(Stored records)
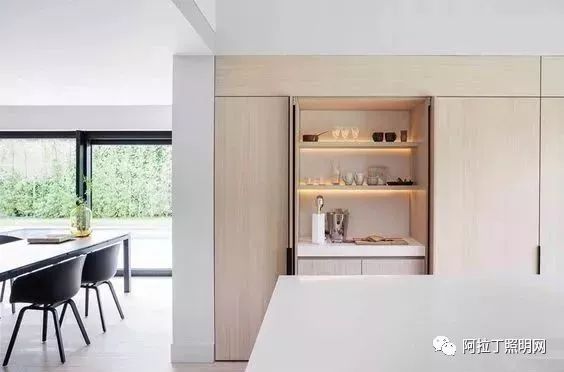 灯具设计搭配有学问，一键教你如何选择合适灯具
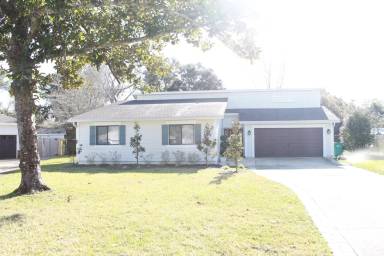 Main picture of 734 Saint Thomas Cv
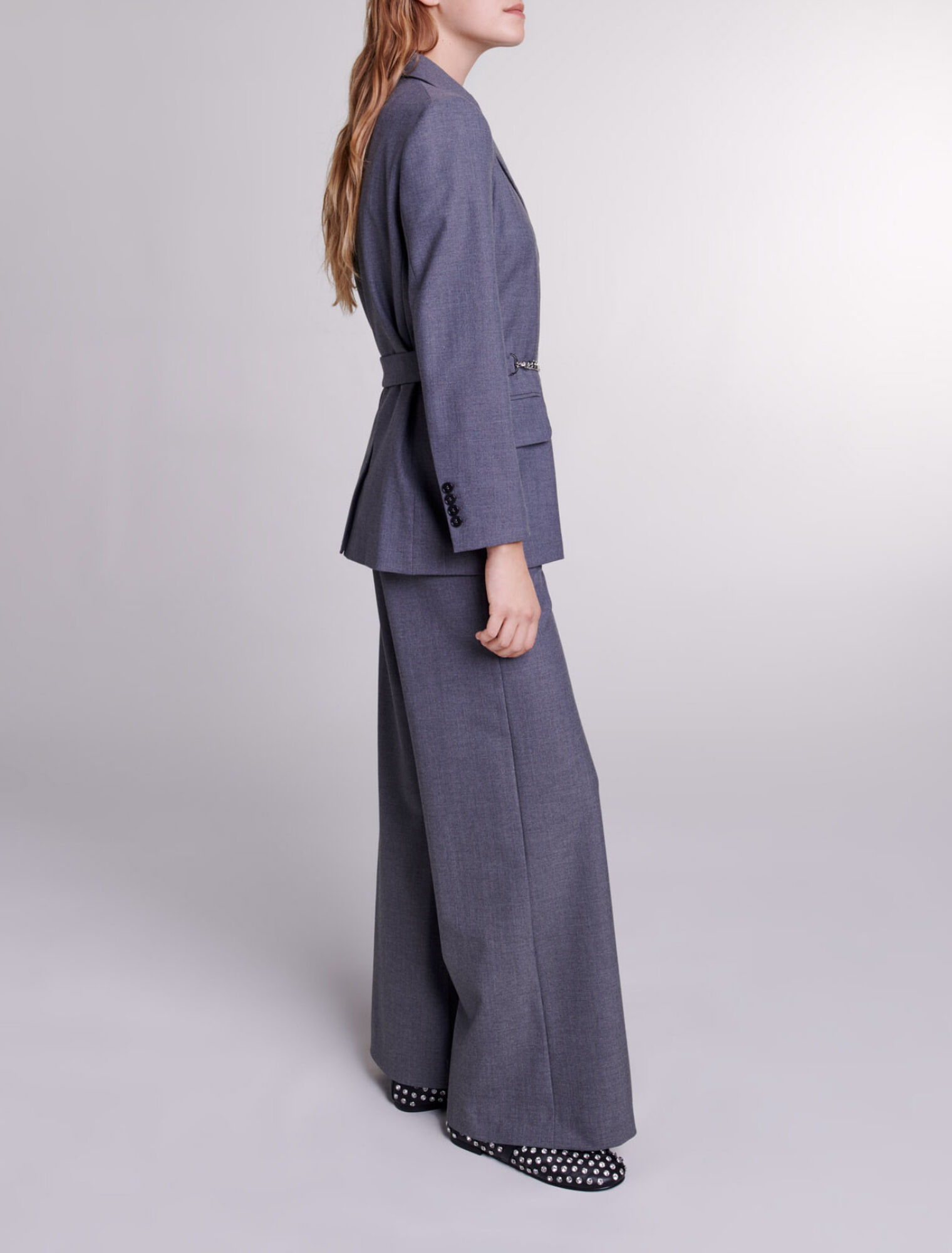 Giacca tailleur con catena in vita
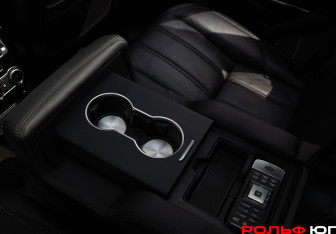 Подержанный автомобиль Land Rover Range Rover 2014 года (22 фото)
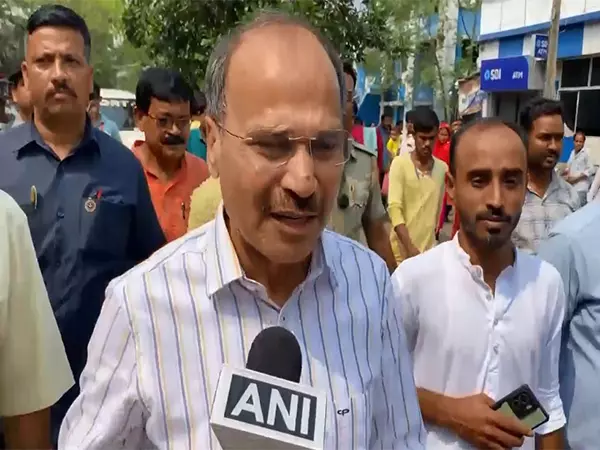 Murshidabad हिंसा को लेकर अधीर रंजन ने ममता सरकार पर साधा निशाना Murshidabad हिंसा को लेकर अधीर रंजन ने ममता सरकार पर साधा निशाना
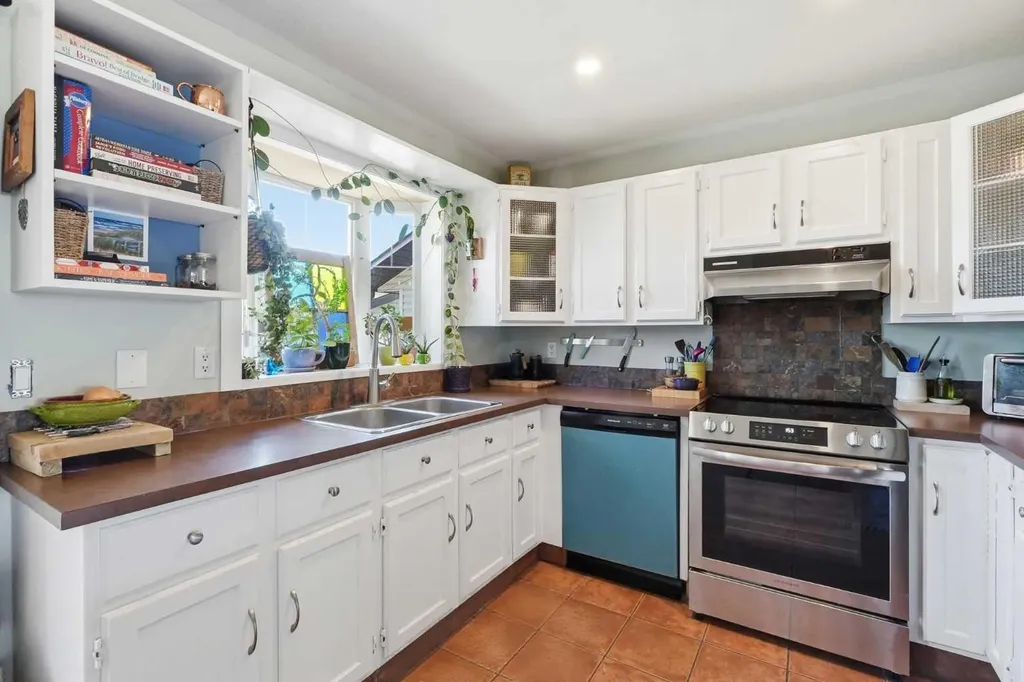 420 Summerwood Place SE Airdrie AB T4B1W7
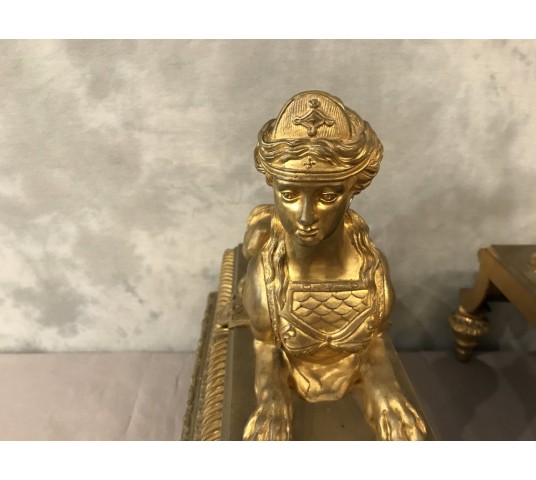 Paire de chenets en bronze gilt aux sphinx d' epoch 19 ème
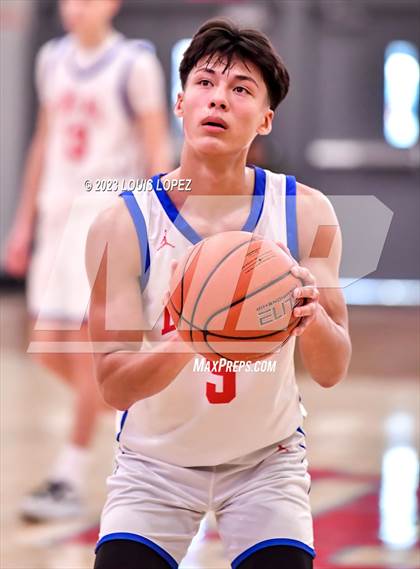 Thumbnail 2 in Los Alamitos vs. Servite (Nike Extravaganza) photogallery.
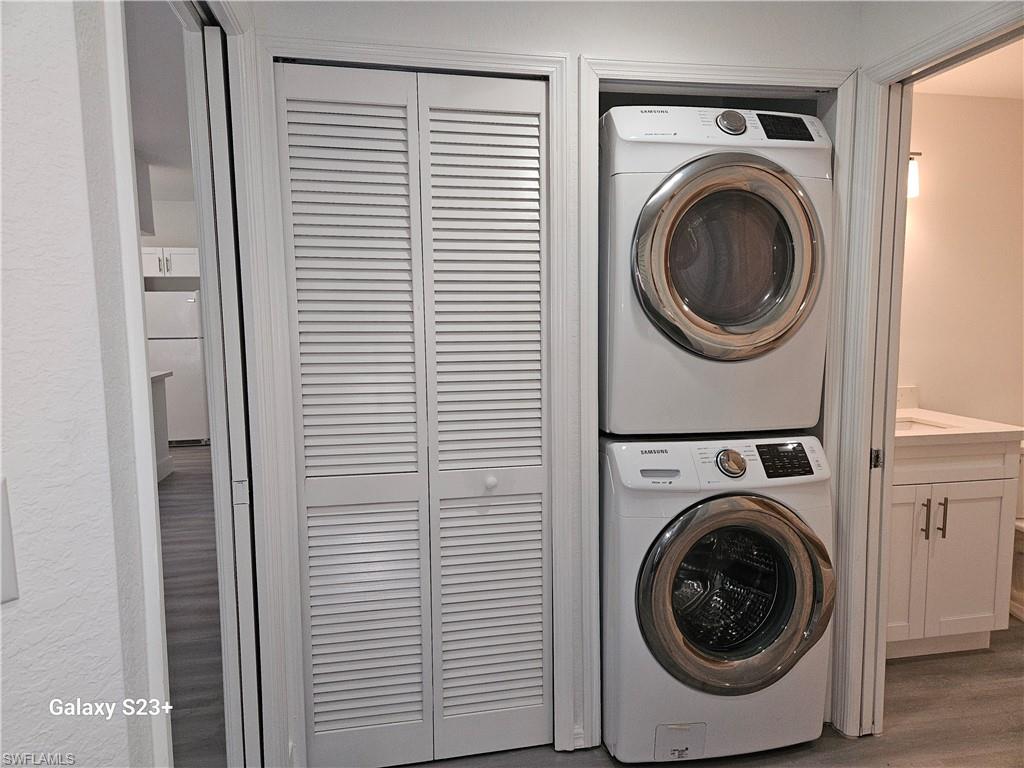 THE COVE AT SIX MILE - Residential Lease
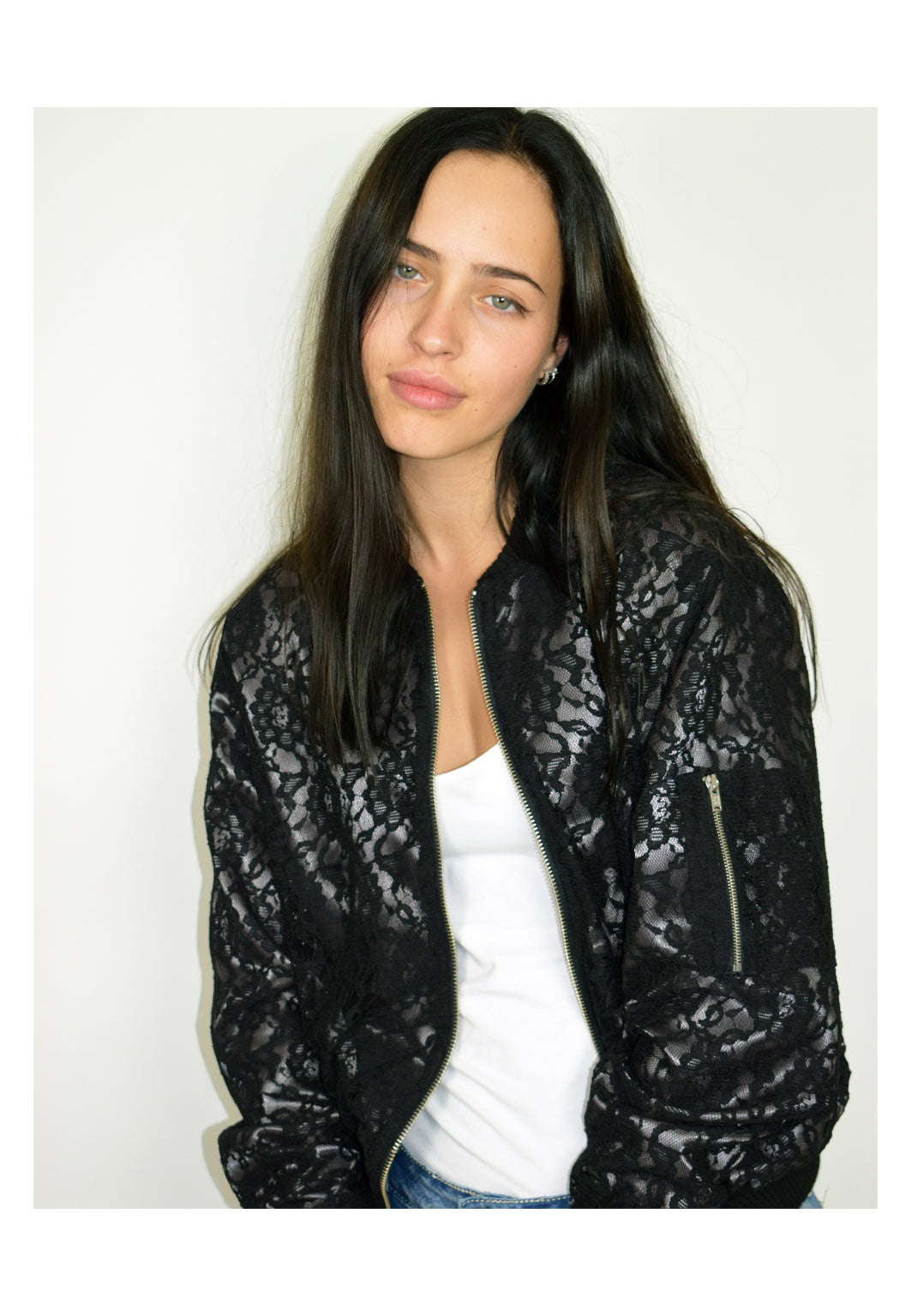 HEL Spitzenblouson Damen in schwarz mit Bündchen Ärmeltasche mit Zipper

The problem
Leave out the pictures, and please output only the lines from the line that contains "Main picture of 734 Saint Thomas Cv" through the end of the data, both ends included.

Task solution
 Main picture of 734 Saint Thomas Cv
 Giacca tailleur con catena in vita
 Подержанный автомобиль Land Rover Range Rover 2014 года (22 фото)
 Murshidabad हिंसा को लेकर अधीर रंजन ने ममता सरकार पर साधा निशाना Murshidabad हिंसा को लेकर अधीर रंजन ने ममता सरकार पर साधा निशाना
 420 Summerwood Place SE Airdrie AB T4B1W7
 Paire de chenets en bronze gilt aux sphinx d' epoch 19 ème
 Thumbnail 2 in Los Alamitos vs. Servite (Nike Extravaganza) photogallery.
 THE COVE AT SIX MILE - Residential Lease
 HEL Spitzenblouson Damen in schwarz mit Bündchen Ärmeltasche mit Zipper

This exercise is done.